Directions for this task: Retype, without changes or pictures, only the lines that begin at the one containing "1/8 Ctw Single" and end at the last line of the records that follow.

Pictures with short captions:
+-------+
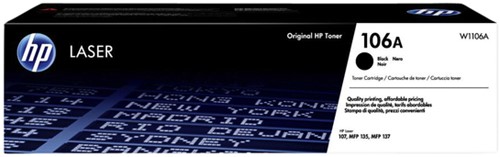 HP cartridge 106a zwart W1106A 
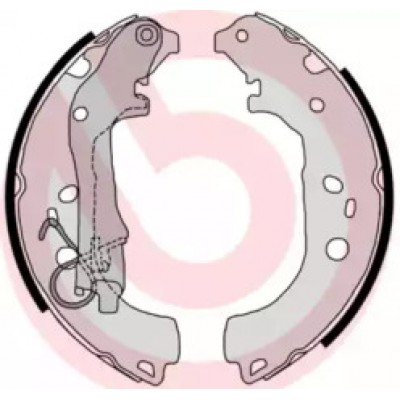 Комплект тормозных колодок S23518 BREMBO - купить в магазине запчастей по Украине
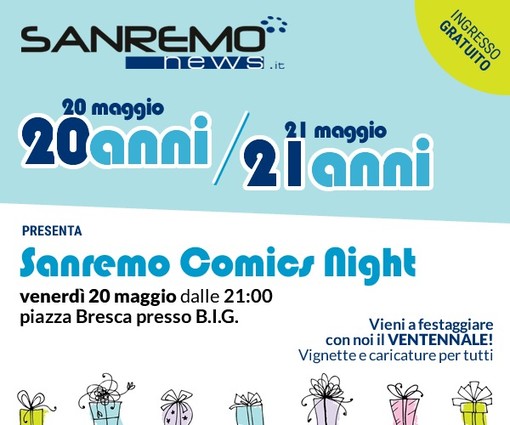 Stasera si festeggia il ventennale di Sanremo News al BIG di piazza Bresca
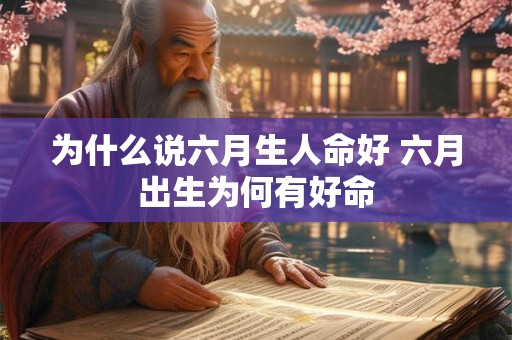 为什么说六月生人命好 六月出生为何有好命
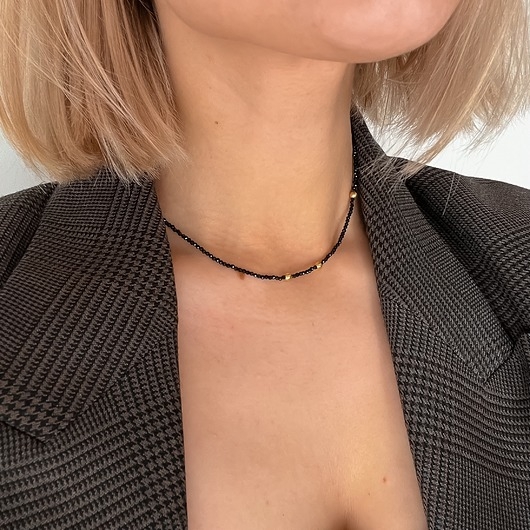 Image of Naszyjnik Choker z czarnym turmalinem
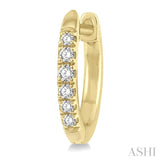 1/8 Ctw Single Cut Diamond Huggie Petite Earrings in 10K Yellow Gold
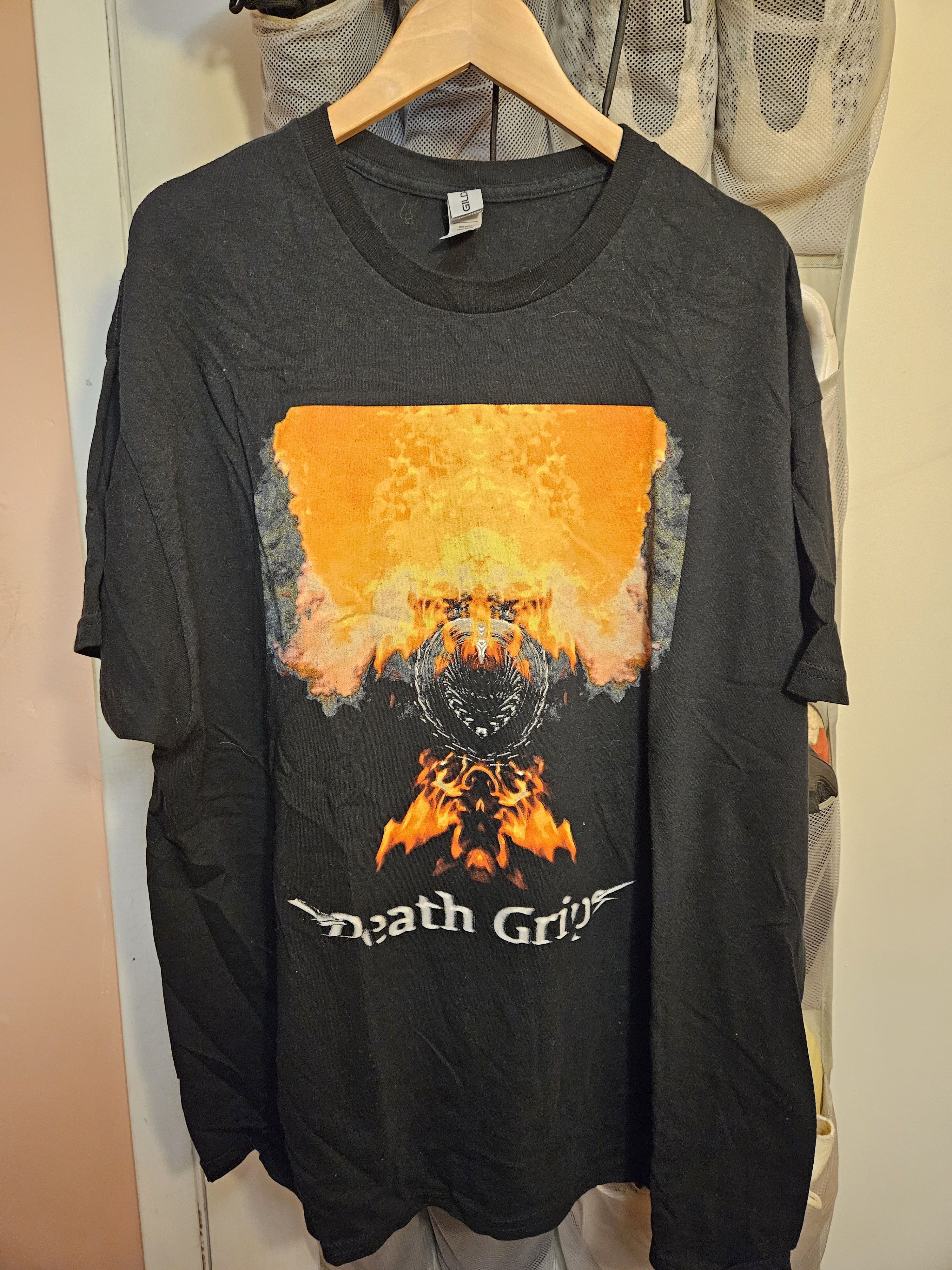 image of Death Grips Tour 2023 Tee Shirt XL in Black, Men's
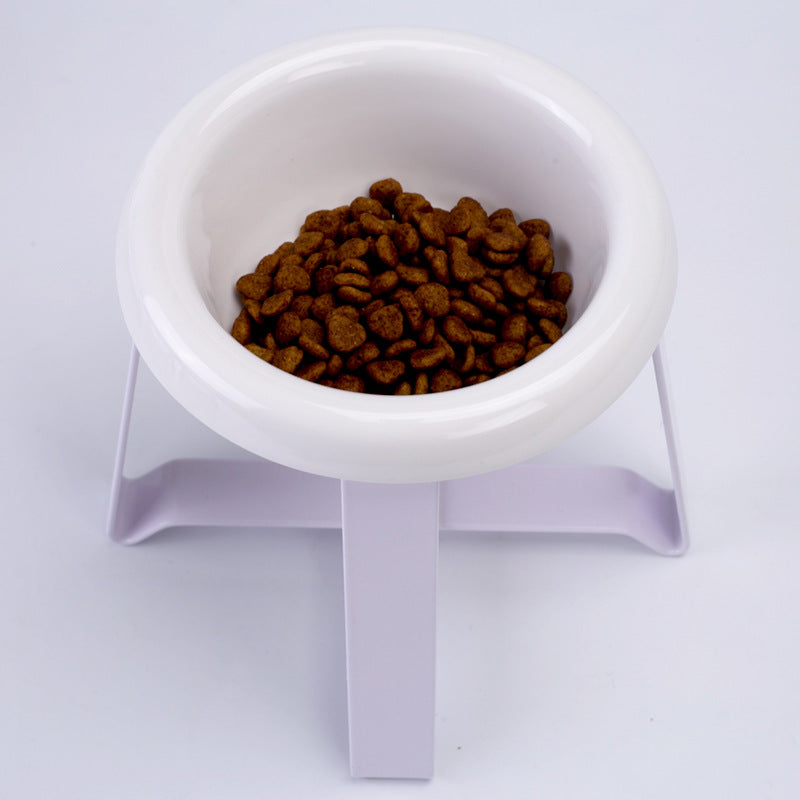 Creative Antislip Pet Feeding Bowl With Iron Stand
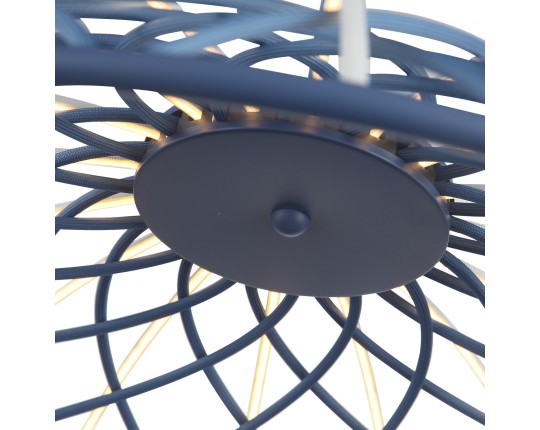 SL6016.703.01 Светильник подвесной ST-Luce Синий/Синий LED 1*20W 3000K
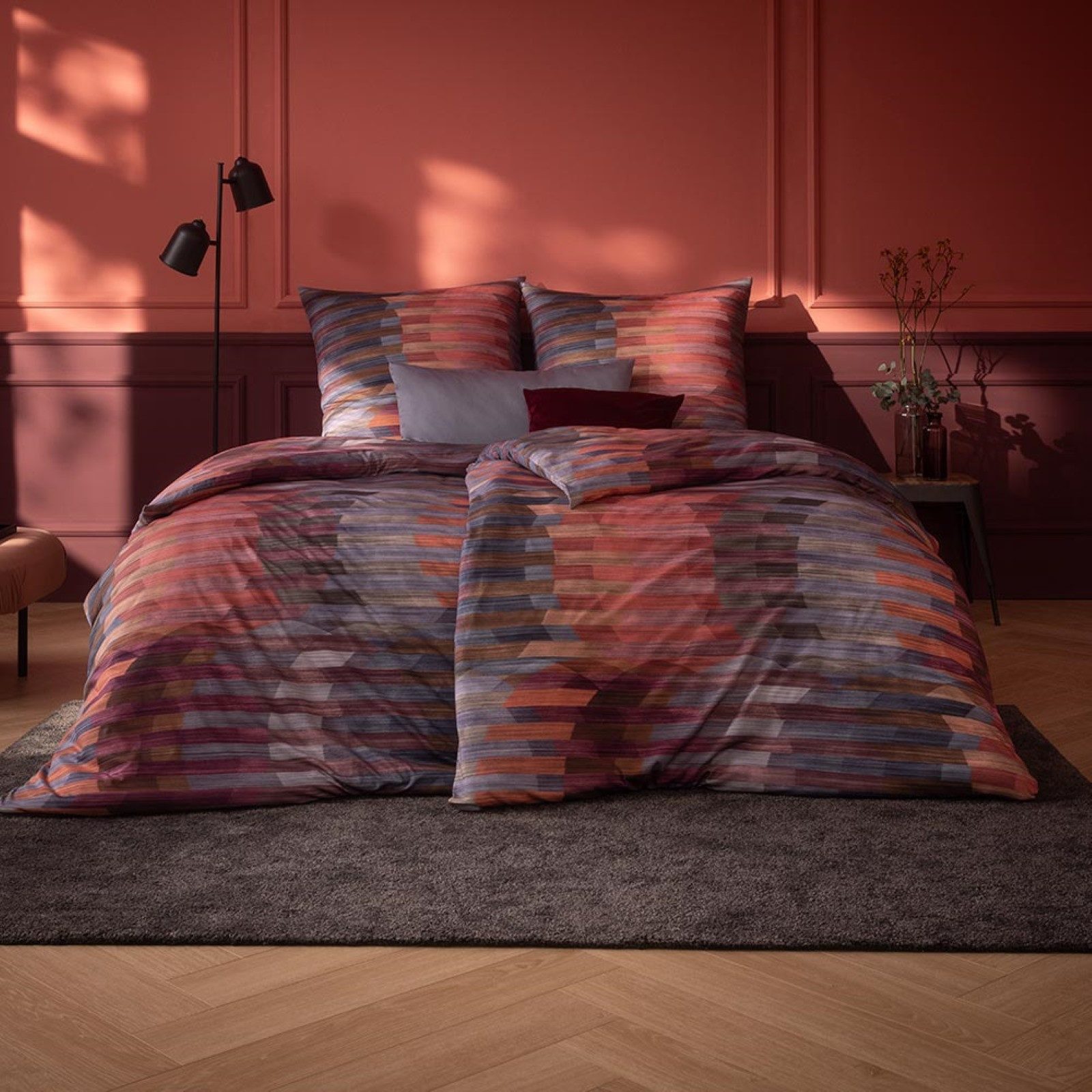 Estella Bettwäsche Estella Mako Jersey Bettwäsche 135x200 Auri abendrot Str günstig online kaufen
+-------+
Task answer:
 1/8 Ctw Single Cut Diamond Huggie Petite Earrings in 10K Yellow Gold
 image of Death Grips Tour 2023 Tee Shirt XL in Black, Men's
 Creative Antislip Pet Feeding Bowl With Iron Stand
 SL6016.703.01 Светильник подвесной ST-Luce Синий/Синий LED 1*20W 3000K
 Estella Bettwäsche Estella Mako Jersey Bettwäsche 135x200 Auri abendrot Str günstig online kaufen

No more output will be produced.